### WHAT TO PRODUCE
In the material below, find the span from the line with "EAN 8436574709322 - AISENS" to the line with "Bluza robocza Neo" and transcribe only those lines, exactly, ends included, without the pictures.

### DATASET
((
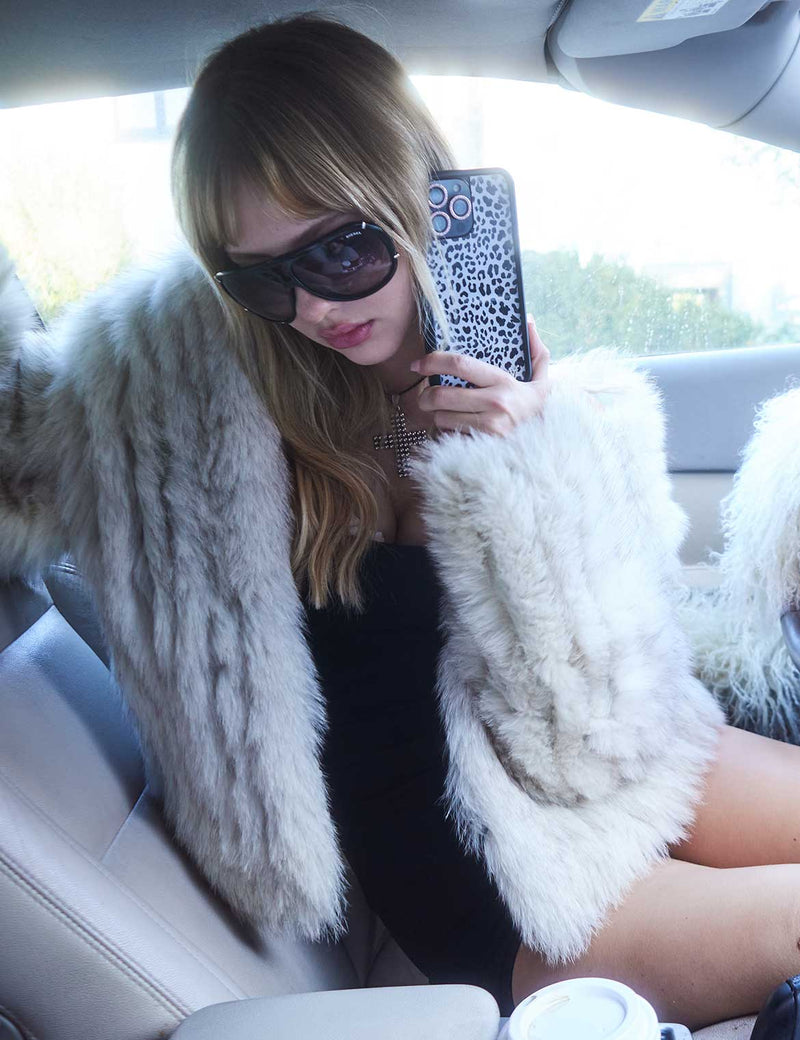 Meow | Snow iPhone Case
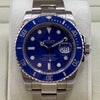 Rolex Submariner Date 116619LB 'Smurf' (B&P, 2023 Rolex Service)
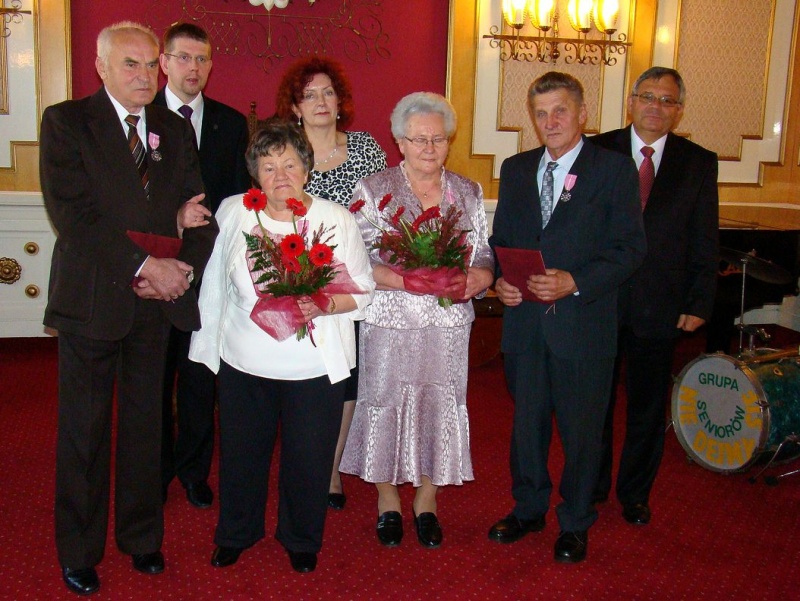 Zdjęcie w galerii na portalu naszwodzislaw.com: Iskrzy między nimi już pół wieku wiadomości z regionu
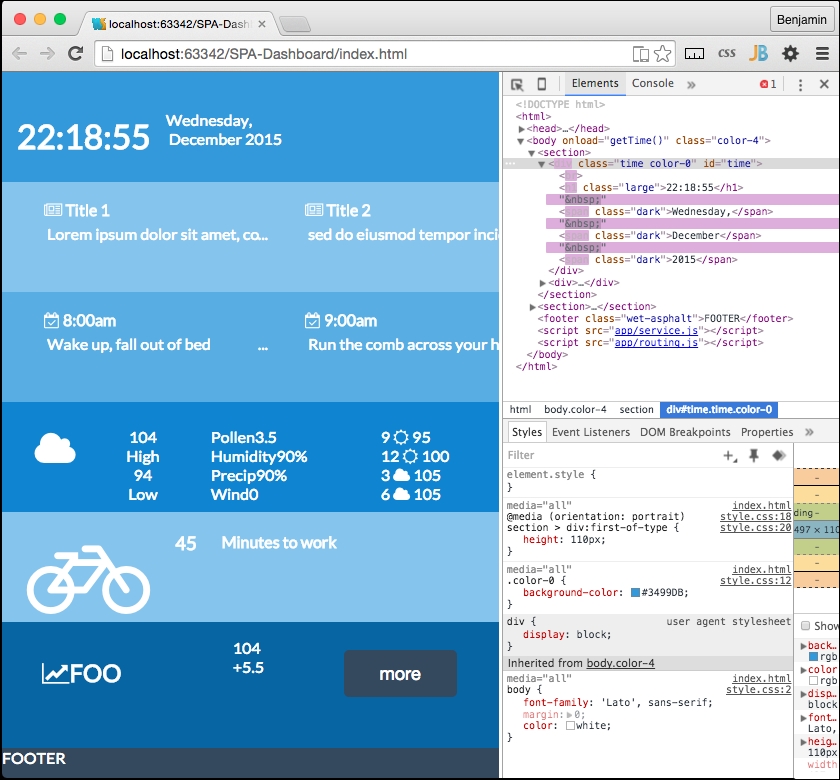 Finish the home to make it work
))
((
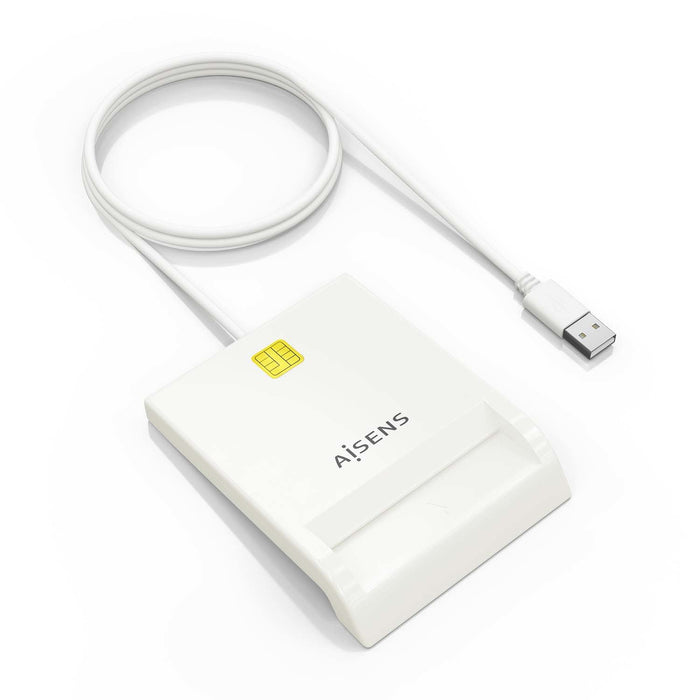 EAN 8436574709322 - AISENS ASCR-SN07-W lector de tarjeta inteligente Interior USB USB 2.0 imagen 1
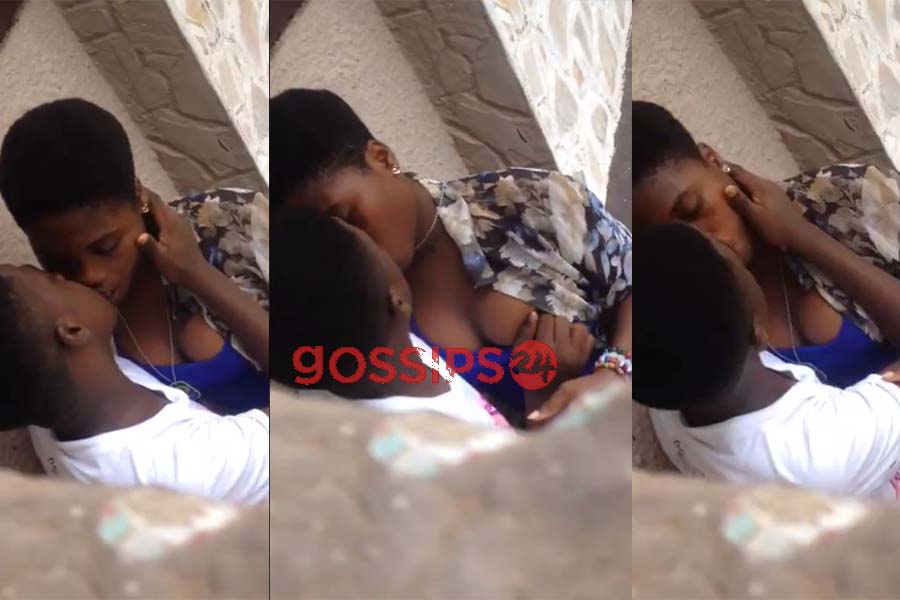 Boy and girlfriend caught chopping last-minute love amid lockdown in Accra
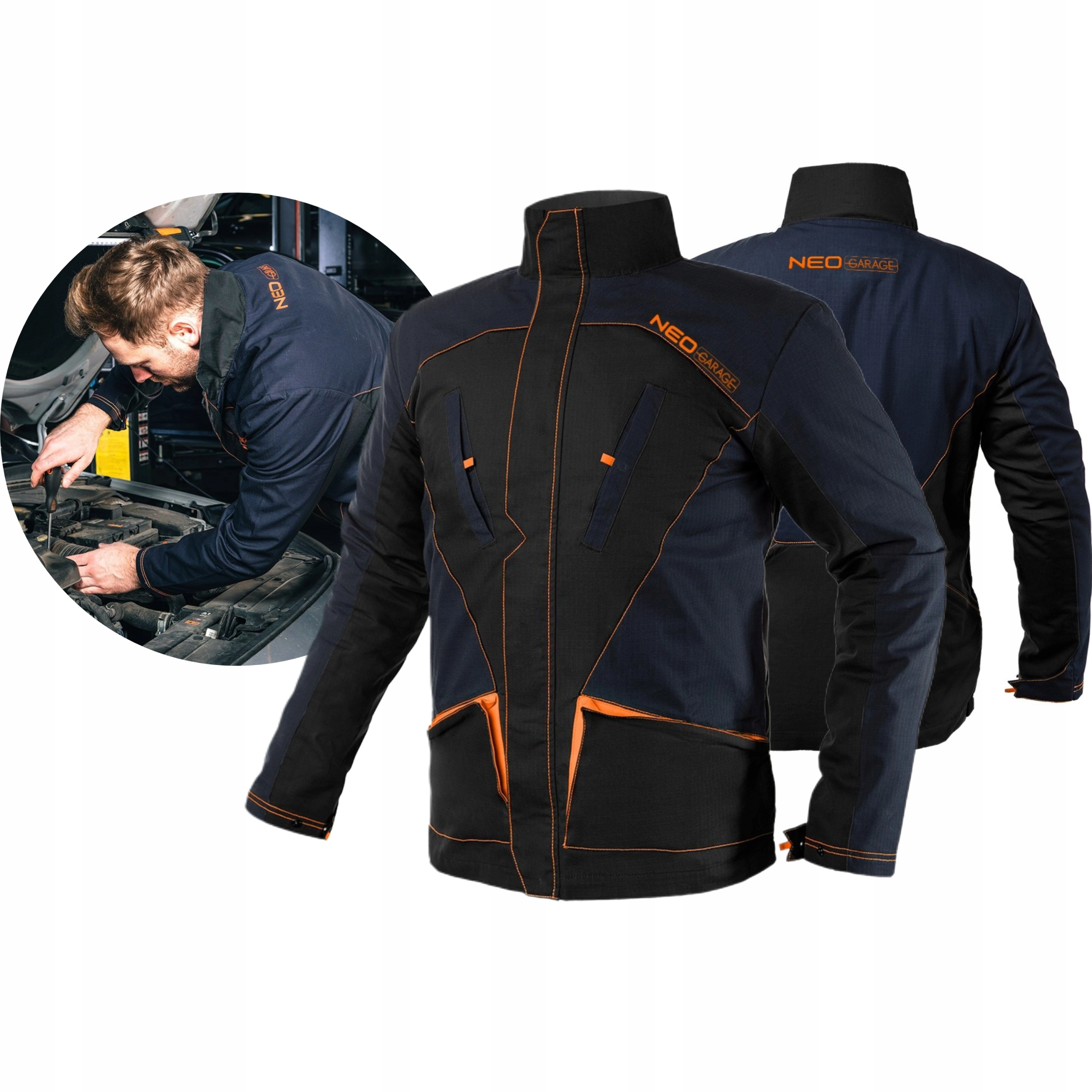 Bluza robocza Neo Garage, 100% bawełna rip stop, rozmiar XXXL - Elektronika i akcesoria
))
### ANSWER TO THIS PROBLEM
 EAN 8436574709322 - AISENS ASCR-SN07-W lector de tarjeta inteligente Interior USB USB 2.0 imagen 1
 Boy and girlfriend caught chopping last-minute love amid lockdown in Accra
 Bluza robocza Neo Garage, 100% bawełna rip stop, rozmiar XXXL - Elektronika i akcesoria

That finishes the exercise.